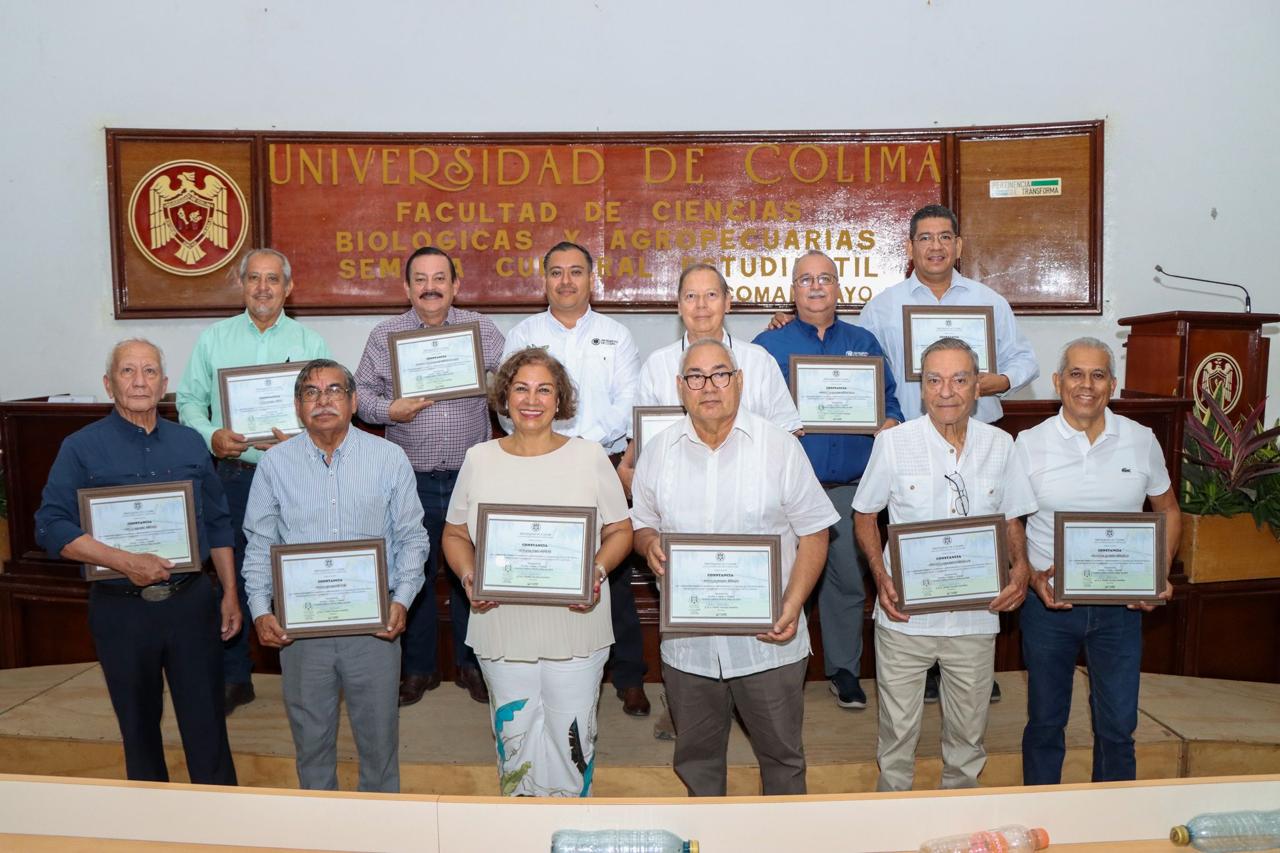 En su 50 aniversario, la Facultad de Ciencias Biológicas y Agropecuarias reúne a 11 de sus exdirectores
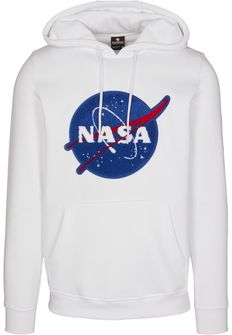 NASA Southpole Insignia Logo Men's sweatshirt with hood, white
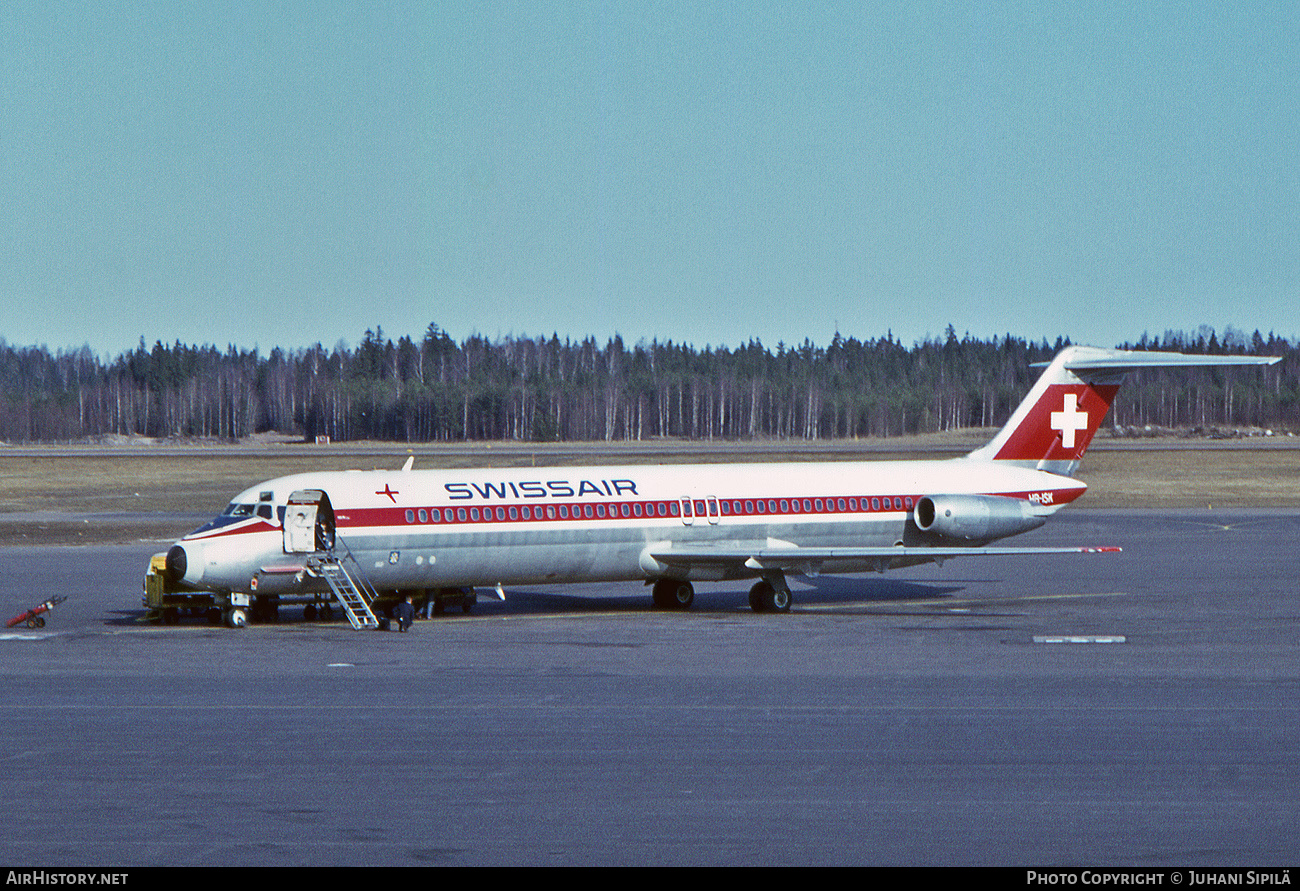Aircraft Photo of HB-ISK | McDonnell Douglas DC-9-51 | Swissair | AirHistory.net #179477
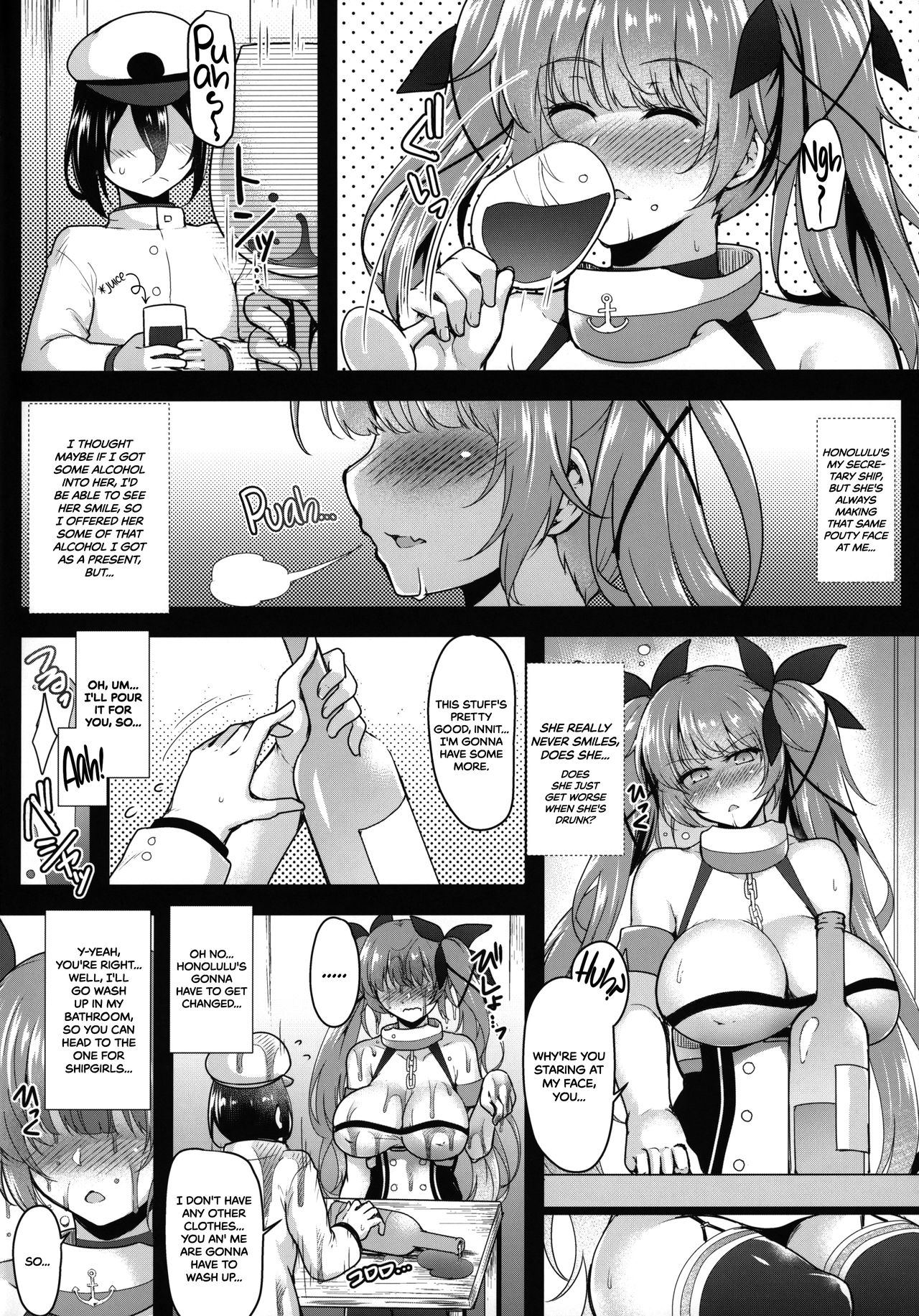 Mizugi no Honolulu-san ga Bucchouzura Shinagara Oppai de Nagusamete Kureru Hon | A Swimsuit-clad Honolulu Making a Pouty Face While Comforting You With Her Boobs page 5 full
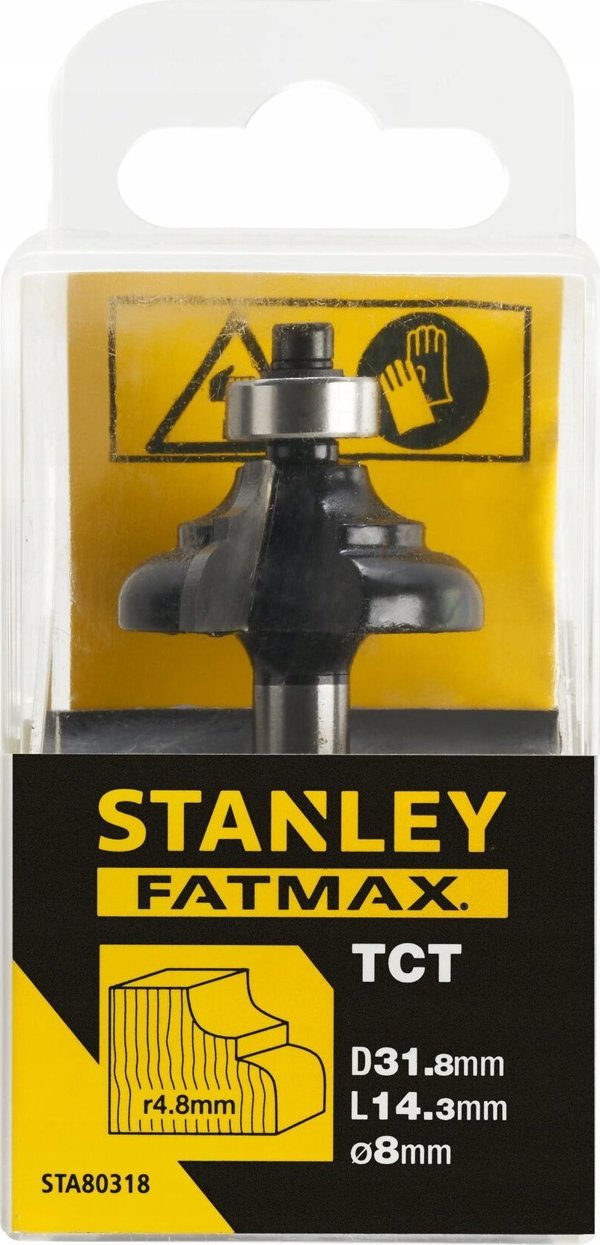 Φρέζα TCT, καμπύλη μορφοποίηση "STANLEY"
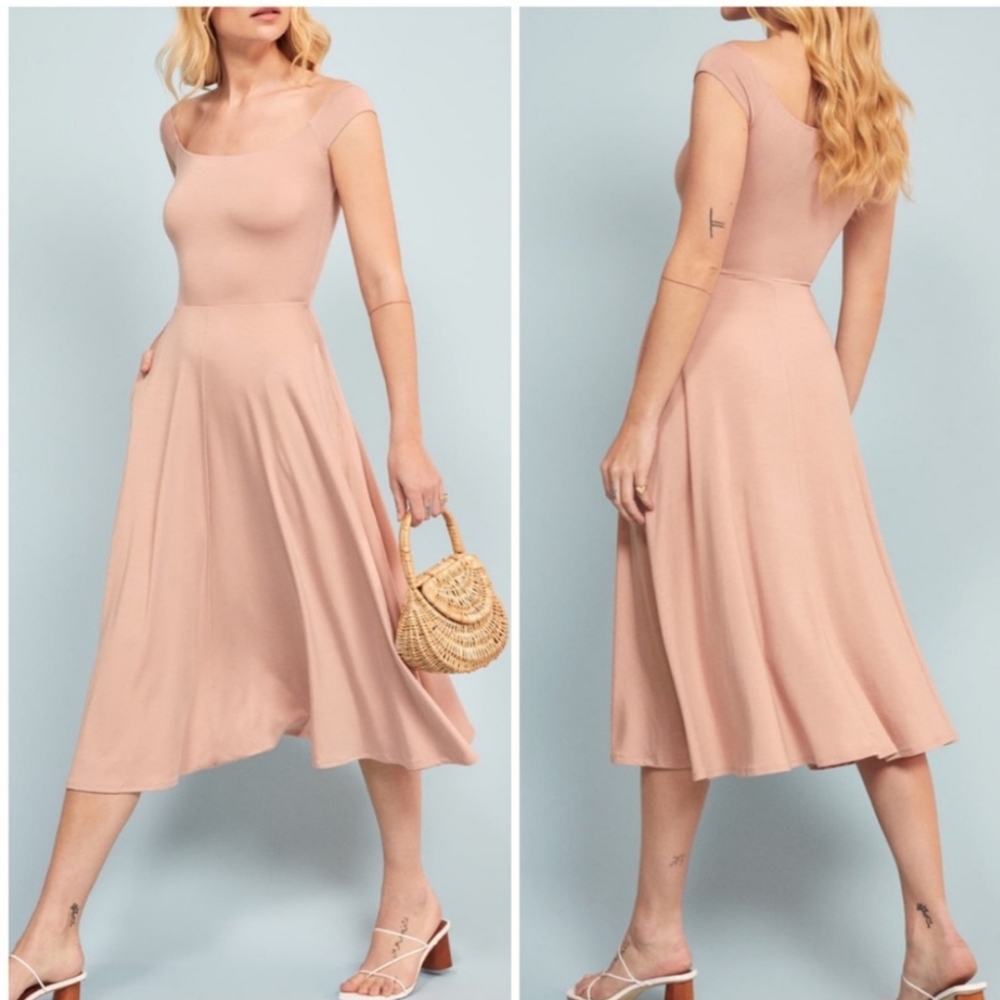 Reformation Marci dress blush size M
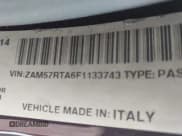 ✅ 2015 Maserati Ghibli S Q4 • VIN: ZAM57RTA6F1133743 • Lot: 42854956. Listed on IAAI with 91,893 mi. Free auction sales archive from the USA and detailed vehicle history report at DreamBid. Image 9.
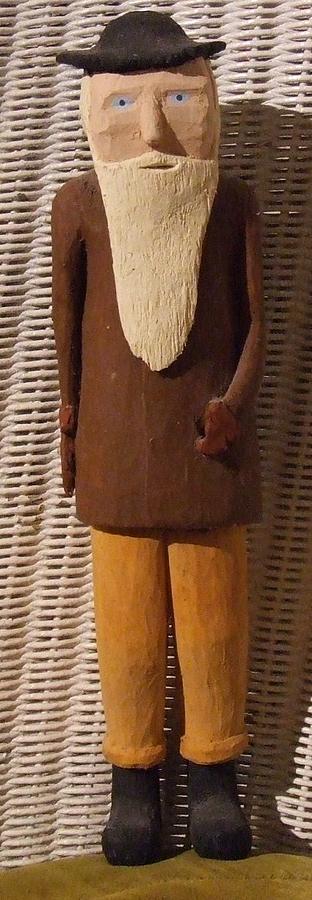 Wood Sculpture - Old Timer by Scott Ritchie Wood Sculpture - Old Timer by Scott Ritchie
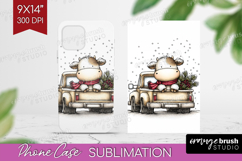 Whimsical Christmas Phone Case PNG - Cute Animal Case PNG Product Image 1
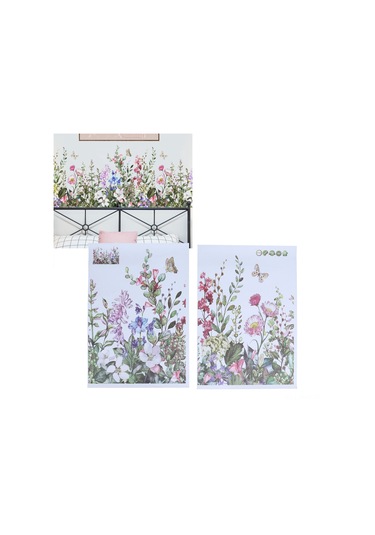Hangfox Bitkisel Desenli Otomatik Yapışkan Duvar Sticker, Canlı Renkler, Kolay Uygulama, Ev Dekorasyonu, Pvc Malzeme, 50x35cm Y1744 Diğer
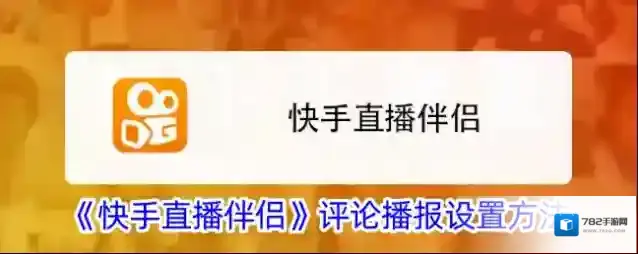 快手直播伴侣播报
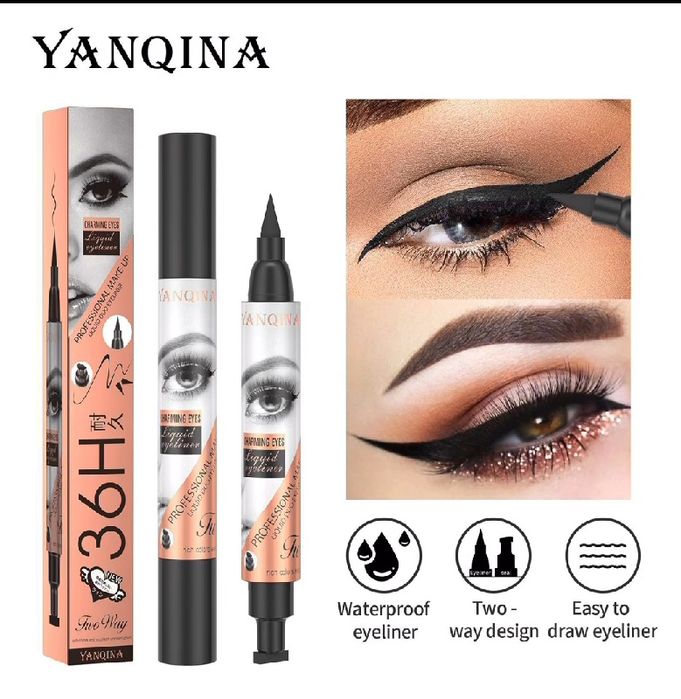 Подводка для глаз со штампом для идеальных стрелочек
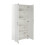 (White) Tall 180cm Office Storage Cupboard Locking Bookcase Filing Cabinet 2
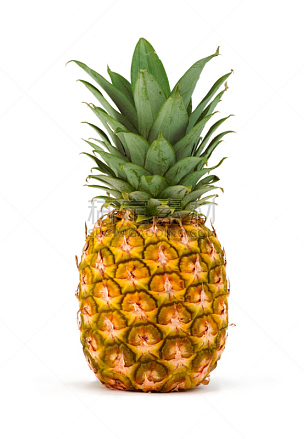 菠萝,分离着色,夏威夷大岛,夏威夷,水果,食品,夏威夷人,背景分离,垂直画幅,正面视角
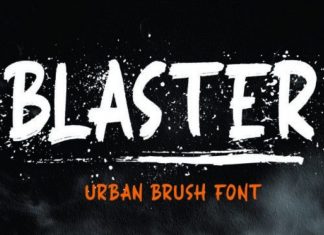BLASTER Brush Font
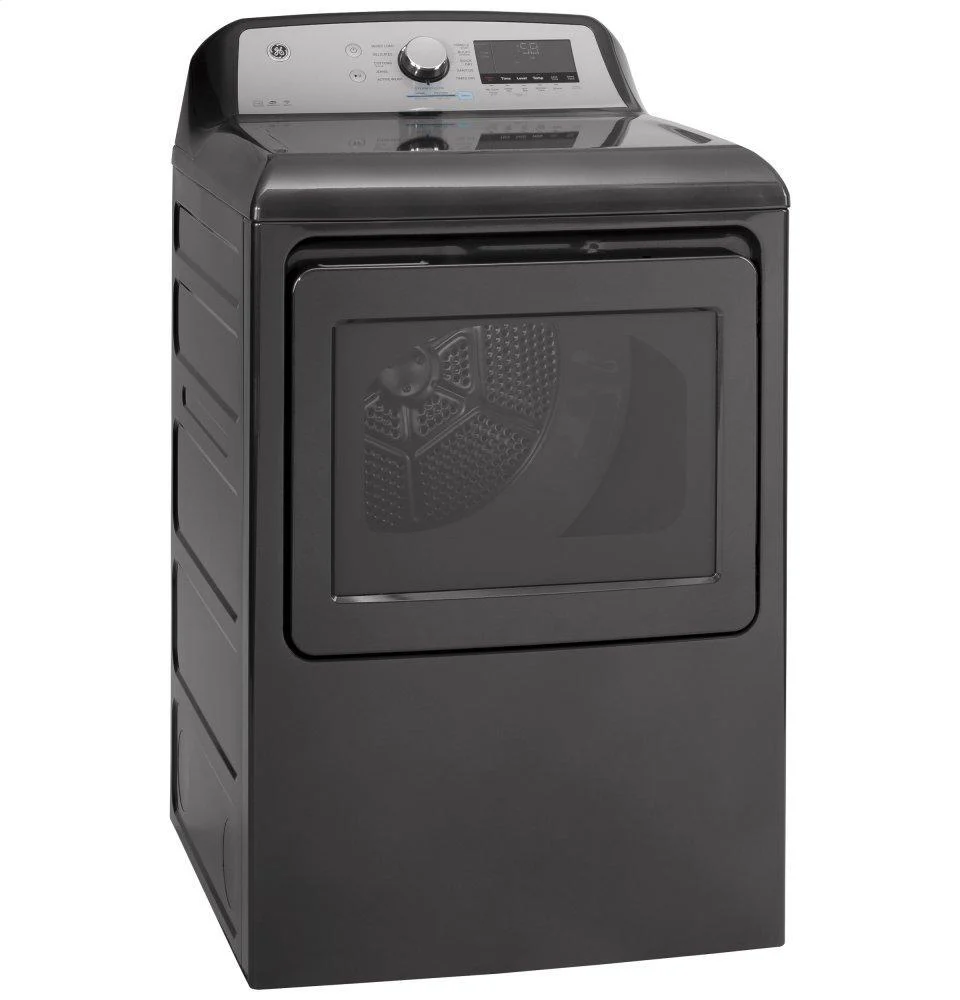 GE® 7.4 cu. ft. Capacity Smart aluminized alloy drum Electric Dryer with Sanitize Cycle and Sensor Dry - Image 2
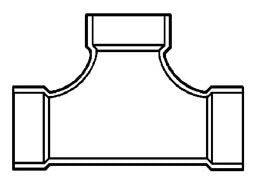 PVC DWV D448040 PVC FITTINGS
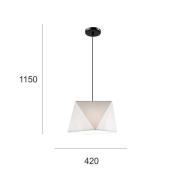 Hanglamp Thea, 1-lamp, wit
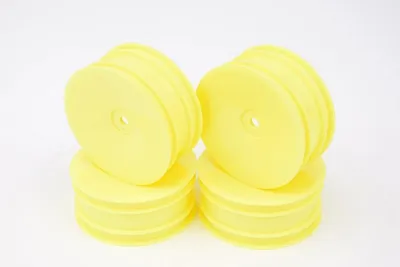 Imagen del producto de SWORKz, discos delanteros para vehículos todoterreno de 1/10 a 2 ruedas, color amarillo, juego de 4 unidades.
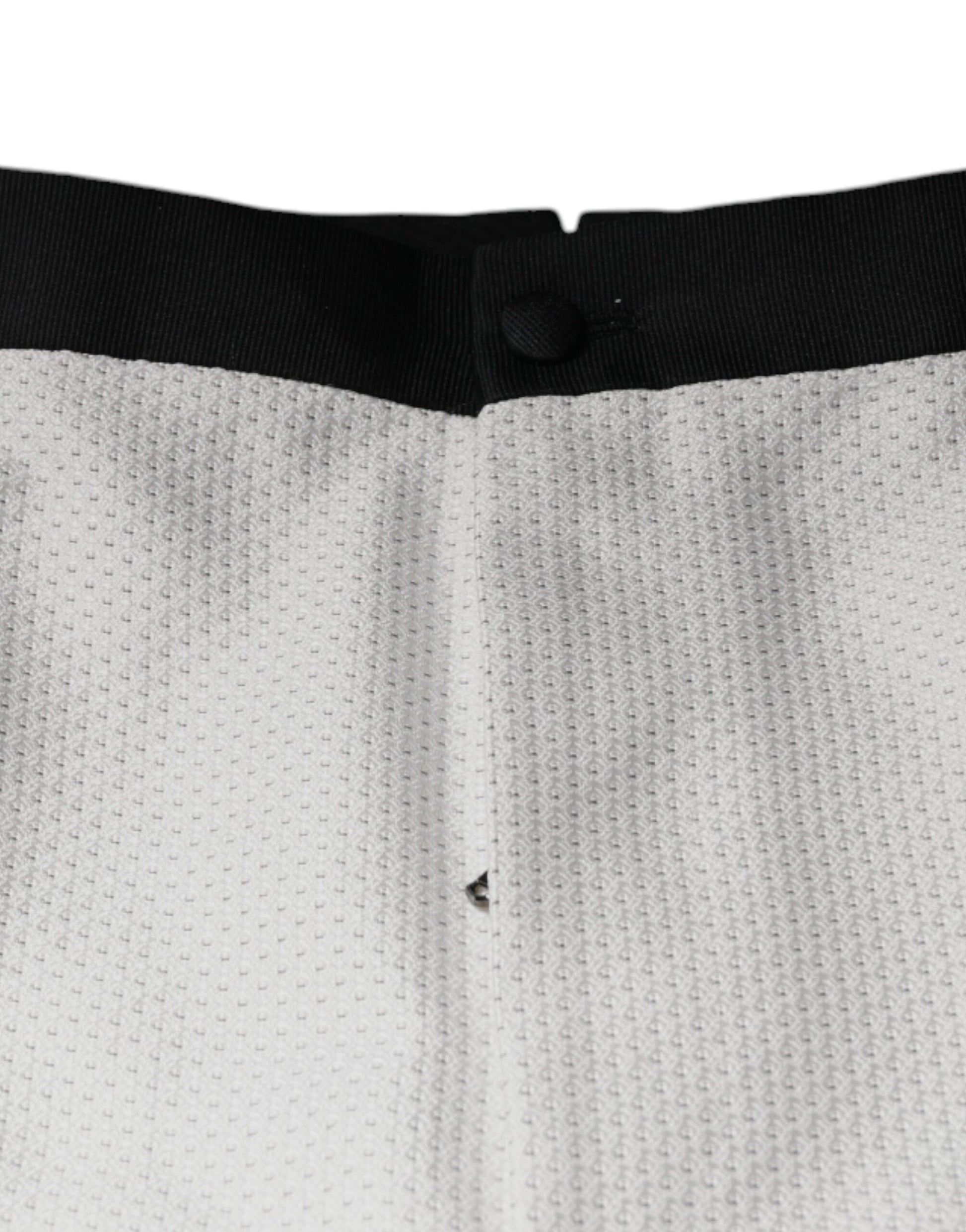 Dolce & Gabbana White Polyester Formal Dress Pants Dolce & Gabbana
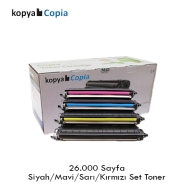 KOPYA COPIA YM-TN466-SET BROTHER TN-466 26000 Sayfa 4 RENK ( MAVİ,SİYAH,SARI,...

------------------------------

• Exercise aim:
Transcribe every line in the entries above, taking out only the images.

• Task result:
 En su 50 aniversario, la Facultad de Ciencias Biológicas y Agropecuarias reúne a 11 de sus exdirectores
 NASA Southpole Insignia Logo Men's sweatshirt with hood, white
Aircraft Photo of HB-ISK | McDonnell Douglas DC-9-51 | Swissair | AirHistory.net #179477
 Mizugi no Honolulu-san ga Bucchouzura Shinagara Oppai de Nagusamete Kureru Hon | A Swimsuit-clad Honolulu Making a Pouty Face While Comforting You With Her Boobs page 5 full
 Φρέζα TCT, καμπύλη μορφοποίηση "STANLEY"
 Reformation Marci dress blush size M
 ✅ 2015 Maserati Ghibli S Q4 • VIN: ZAM57RTA6F1133743 • Lot: 42854956. Listed on IAAI with 91,893 mi. Free auction sales archive from the USA and detailed vehicle history report at DreamBid. Image 9.
 Wood Sculpture - Old Timer by Scott Ritchie Wood Sculpture - Old Timer by Scott Ritchie
 Whimsical Christmas Phone Case PNG - Cute Animal Case PNG Product Image 1
Hangfox Bitkisel Desenli Otomatik Yapışkan Duvar Sticker, Canlı Renkler, Kolay Uygulama, Ev Dekorasyonu, Pvc Malzeme, 50x35cm Y1744 Diğer
 快手直播伴侣播报
 Подводка для глаз со штампом для идеальных стрелочек
 (White) Tall 180cm Office Storage Cupboard Locking Bookcase Filing Cabinet 2
 菠萝,分离着色,夏威夷大岛,夏威夷,水果,食品,夏威夷人,背景分离,垂直画幅,正面视角
BLASTER Brush Font
 GE® 7.4 cu. ft. Capacity Smart aluminized alloy drum Electric Dryer with Sanitize Cycle and Sensor Dry - Image 2
 PVC DWV D448040 PVC FITTINGS
 Hanglamp Thea, 1-lamp, wit
 Imagen del producto de SWORKz, discos delanteros para vehículos todoterreno de 1/10 a 2 ruedas, color amarillo, juego de 4 unidades.
 Dolce & Gabbana White Polyester Formal Dress Pants Dolce & Gabbana
 KOPYA COPIA YM-TN466-SET BROTHER TN-466 26000 Sayfa 4 RENK ( MAVİ,SİYAH,SARI,...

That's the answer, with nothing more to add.